The tragic authors of the Restoration period and their tragedies occupy a position in the whole less important, though distinctly curious. With all their faults, there can be no doubt that comedies like Love for Love , The Confederacy, and the Beaux-Stratagem mark in certain directions an advance upon all English comic work before them, except that of Shakespeare .For poetry is not necessary to comedy , and is absolutely necessary to tragedy.
The tragedy of the times divide itself, with the usual overlapping, into two parts- the Heroic Drama and the Blank verse tragedy . In both periods and in both kinds the mighty craftsmanship of Dryden led the way and despite the traditional repute of Venice Preserved, it is impossible here to admit that any examples surpassed The Conquest of Granada in the first kind, and All for Love in the second.
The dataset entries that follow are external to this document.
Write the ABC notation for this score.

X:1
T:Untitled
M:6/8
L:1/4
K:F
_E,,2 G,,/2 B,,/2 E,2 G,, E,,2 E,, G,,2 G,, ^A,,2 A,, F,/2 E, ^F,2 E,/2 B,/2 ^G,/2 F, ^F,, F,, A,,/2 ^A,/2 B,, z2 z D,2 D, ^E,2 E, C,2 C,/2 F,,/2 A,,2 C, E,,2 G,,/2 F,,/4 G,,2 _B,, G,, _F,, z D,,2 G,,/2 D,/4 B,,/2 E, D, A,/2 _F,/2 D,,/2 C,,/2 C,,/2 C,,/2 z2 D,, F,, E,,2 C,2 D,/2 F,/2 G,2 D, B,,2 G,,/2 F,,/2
The Rival Ladies, which is Dryden's first serious play, and which followed The Wild Gallant at not great interval, is neither wholly tragic nor wholly comic, neither wholly rhymed nor wholly blank verse and prose. But The Indian Emperor (1665), following an Indian Queen, in which he helped his brother-in-law , Sir Robert Howard, was his first distinct and original venture wholly in the new style.
The Maiden Queen(1667) is a blend of a tragic, or at least serious, heroics and comic prose. But Tyrannic Love , or The Royal Martyr (1669), a dramatization of the legend of St.Catherine, first exhibited the heroic style in perfection.The splendid rhetoric of the best passages,the rattling single stick play of the rhyming dialogue, and the really noble sentiment of much of it, almost excuse the enthusiasm of audiences for a style full of most glaring faults. This is still more the case with the two parts of The Conquest of Granada (1670), which brought the kind of of its highest perfection.
The State of Innocence, which is half an opera and more than half a Heroic play, shows an undiminished popularity of the style. And in Aurangzeb, still heroic. When he turned from rhyme to blank verse, he actually took a play of Shakespeare's for something more than the canvas of his new attempt.